Lesen dürfte sich das dann so: „Italien bankrott. Bürger auf den Strassen.“ /  „Deutschland bankrott. Bürger, das wird teuer.“

Dem Bürger werden die virtuellen Schulden präsentiert, und es wird ihm klar gemacht werden, dass er leider Gottes für die aufkommen müsse. Heute wären das etwa schlabbe 10’000.- pro Nase, also etwa 30’000.- pro Erwerbstätigen.

Dass diesen „Schulden“ „Forderungen“ „gegenüberstehen“, welche nicht bedient wurden, dass die „Schulden“ damit mehr oder weniger gedeckt sind mit „Forderungen“, das wird verschwiegen. Es wird verschwiegen, weil man dem Bürger nicht erklären will, dass reale Zahlungen nie vorgesehen waren. Von den Scheinforderungen und von der Scheinschuld wird dem Bürger also nur die Scheinschuld präsentiert. Und weil die Lüge aufrecht erhalten wird, dass die Bundesbank Eigentum des Bürgers sei, ist der Bürger haftbar für die (Schein)schuld der Bundesbank.

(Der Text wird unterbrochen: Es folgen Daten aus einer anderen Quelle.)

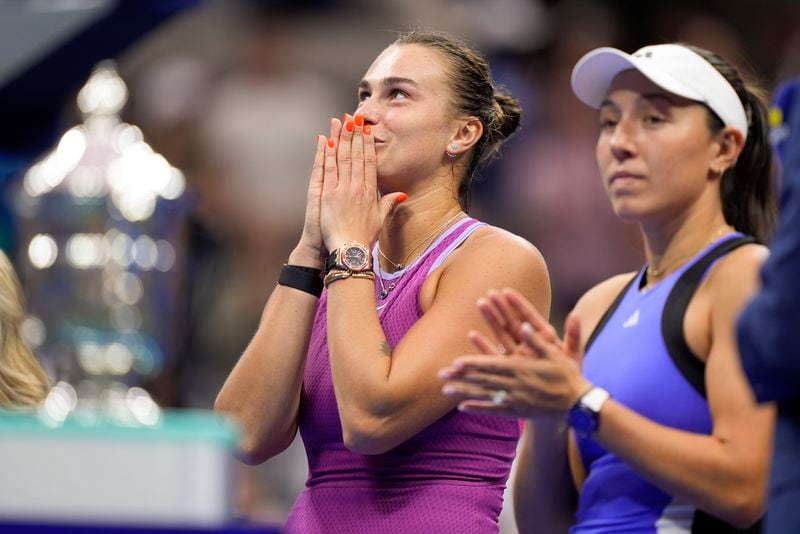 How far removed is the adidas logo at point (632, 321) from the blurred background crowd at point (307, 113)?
218 cm

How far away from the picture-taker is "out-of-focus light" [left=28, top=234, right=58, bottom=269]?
12.1ft

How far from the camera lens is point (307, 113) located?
622cm

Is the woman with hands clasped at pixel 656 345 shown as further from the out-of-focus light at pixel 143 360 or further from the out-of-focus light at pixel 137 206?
the out-of-focus light at pixel 137 206

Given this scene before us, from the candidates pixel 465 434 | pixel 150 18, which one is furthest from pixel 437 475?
pixel 150 18

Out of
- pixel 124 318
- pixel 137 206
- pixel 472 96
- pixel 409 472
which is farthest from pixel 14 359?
pixel 472 96

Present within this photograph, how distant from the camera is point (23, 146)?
13.8ft

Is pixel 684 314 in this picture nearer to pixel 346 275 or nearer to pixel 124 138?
pixel 346 275

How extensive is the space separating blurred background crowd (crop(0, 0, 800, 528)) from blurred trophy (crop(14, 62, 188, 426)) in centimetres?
63

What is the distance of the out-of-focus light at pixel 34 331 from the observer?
11.6 feet

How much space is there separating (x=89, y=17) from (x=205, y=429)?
2.27m

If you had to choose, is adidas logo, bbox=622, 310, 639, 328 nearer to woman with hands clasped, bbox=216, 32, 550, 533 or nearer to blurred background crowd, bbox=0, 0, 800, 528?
woman with hands clasped, bbox=216, 32, 550, 533

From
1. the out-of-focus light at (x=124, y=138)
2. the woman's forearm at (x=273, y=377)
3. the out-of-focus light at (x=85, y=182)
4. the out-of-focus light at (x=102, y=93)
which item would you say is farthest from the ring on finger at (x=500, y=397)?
the out-of-focus light at (x=102, y=93)

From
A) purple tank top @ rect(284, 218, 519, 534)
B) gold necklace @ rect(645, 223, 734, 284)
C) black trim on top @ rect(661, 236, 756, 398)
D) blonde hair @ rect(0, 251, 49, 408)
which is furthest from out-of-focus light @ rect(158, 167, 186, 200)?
black trim on top @ rect(661, 236, 756, 398)

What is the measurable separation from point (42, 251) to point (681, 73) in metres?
1.97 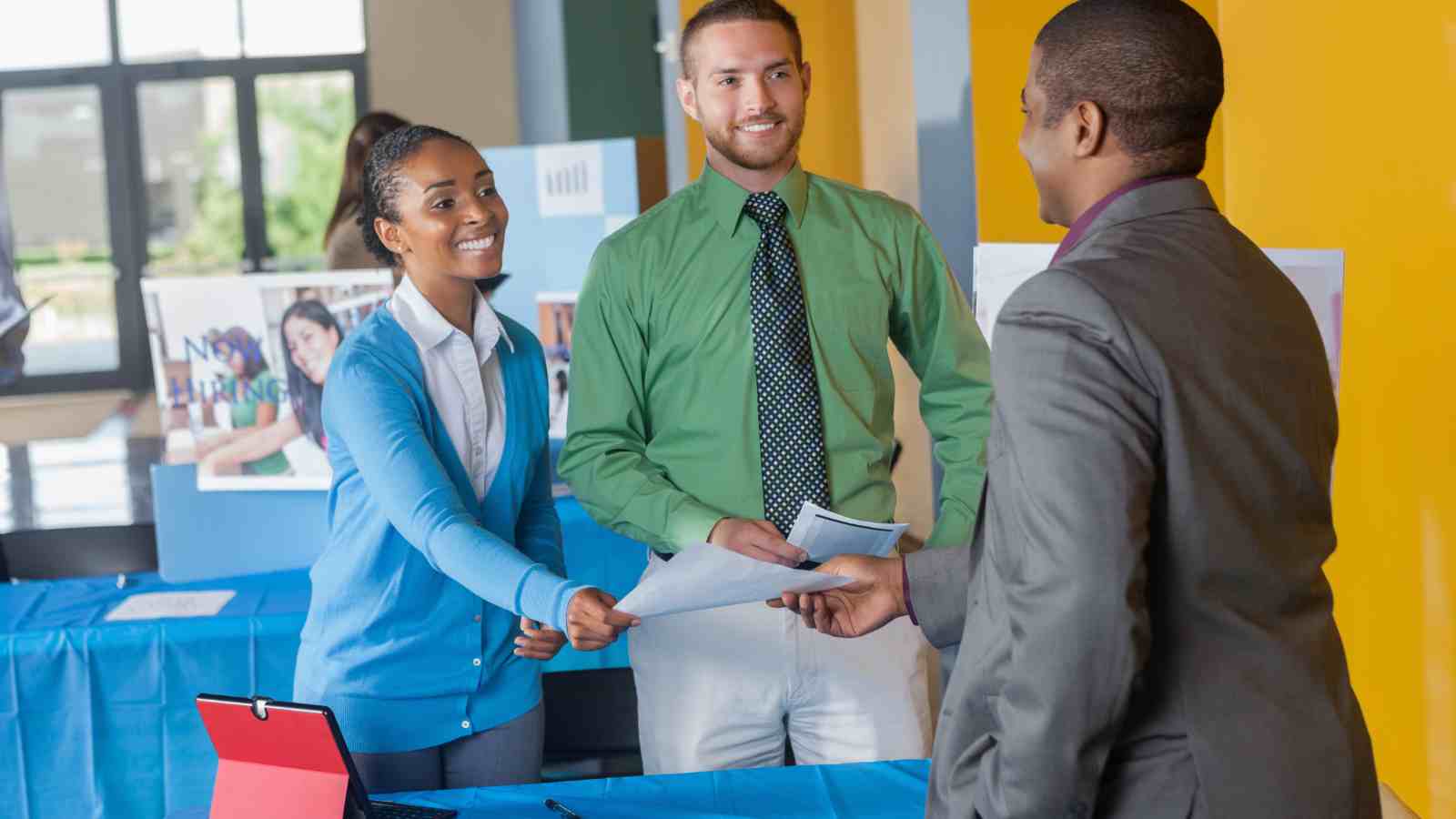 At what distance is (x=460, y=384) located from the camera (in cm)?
213

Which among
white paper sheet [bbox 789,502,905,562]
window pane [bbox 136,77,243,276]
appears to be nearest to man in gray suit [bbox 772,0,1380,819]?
white paper sheet [bbox 789,502,905,562]

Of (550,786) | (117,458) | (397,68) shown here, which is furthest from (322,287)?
(397,68)

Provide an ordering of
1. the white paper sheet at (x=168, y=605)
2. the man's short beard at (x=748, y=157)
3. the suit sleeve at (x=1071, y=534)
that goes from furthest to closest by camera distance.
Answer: the white paper sheet at (x=168, y=605) < the man's short beard at (x=748, y=157) < the suit sleeve at (x=1071, y=534)

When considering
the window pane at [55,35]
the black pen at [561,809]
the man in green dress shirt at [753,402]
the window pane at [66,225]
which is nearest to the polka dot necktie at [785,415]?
the man in green dress shirt at [753,402]

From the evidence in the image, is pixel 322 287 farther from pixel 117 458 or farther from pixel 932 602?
pixel 117 458

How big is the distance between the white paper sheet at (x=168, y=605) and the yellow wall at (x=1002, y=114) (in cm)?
197

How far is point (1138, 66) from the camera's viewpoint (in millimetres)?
1297

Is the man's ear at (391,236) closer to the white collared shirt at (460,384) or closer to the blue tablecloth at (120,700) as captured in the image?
the white collared shirt at (460,384)

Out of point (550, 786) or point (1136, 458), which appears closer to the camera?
point (1136, 458)

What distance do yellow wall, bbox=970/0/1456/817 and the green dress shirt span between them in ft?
1.98

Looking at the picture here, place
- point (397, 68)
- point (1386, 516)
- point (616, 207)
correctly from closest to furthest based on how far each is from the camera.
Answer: point (1386, 516)
point (616, 207)
point (397, 68)

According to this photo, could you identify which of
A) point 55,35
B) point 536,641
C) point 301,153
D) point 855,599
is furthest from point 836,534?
point 55,35

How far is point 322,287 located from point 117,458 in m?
6.61

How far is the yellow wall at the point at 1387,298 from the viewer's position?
1.99m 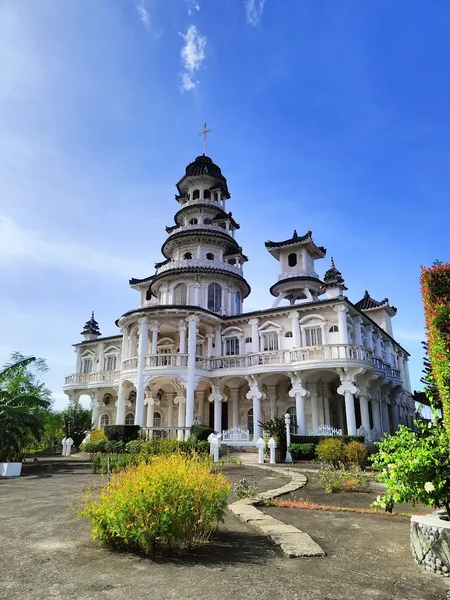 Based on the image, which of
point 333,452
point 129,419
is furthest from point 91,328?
point 333,452

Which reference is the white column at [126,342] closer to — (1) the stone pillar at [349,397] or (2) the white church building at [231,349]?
(2) the white church building at [231,349]

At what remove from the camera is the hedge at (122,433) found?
2597 cm

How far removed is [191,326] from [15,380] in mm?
12975

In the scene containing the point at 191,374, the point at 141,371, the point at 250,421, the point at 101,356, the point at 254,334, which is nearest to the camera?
the point at 191,374

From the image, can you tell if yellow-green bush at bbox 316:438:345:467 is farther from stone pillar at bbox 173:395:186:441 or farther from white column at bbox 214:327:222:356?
white column at bbox 214:327:222:356

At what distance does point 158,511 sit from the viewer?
5602 millimetres

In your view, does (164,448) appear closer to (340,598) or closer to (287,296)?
(340,598)

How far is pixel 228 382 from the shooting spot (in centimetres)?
3291

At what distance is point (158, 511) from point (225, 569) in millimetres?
1135

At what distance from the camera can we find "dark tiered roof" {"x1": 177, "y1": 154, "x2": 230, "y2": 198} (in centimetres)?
4200

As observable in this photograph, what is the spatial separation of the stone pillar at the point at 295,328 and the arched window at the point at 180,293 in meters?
10.0

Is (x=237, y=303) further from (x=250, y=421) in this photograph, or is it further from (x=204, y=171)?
(x=204, y=171)

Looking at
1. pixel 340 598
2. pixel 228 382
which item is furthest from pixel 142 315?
pixel 340 598

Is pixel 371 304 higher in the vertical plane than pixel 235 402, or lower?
higher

Der Bürger kann nicht Geld „schöpfen“, wie es die Bundesbank (und sämtliche Grossbanken) können und tun. Er wird bezahlen mit realem Geld, nämlich mit durch seine Arbeit oder seine Güter gedecktem Geld.

Da ist da noch was da.

Jährlich fordert TARGET2 einen Finanzausgleich. Die Bundesbanken legen ihren Saldo auf den Tisch, ja den Saldo dieser Spiegelgefecht“gelder“. Länder mit Exportüberschuss, die haben grössere Forderungen denn Schulden. Die Differenz müssen sie abgeben. Das abgegebene Scheingeld wird Ländern mit rotem Saldo überwiesen. Stopp, nicht den Ländern wird es überwiesen! Den Bundesbanken wird es überwiesen! Kleiner Unterschied.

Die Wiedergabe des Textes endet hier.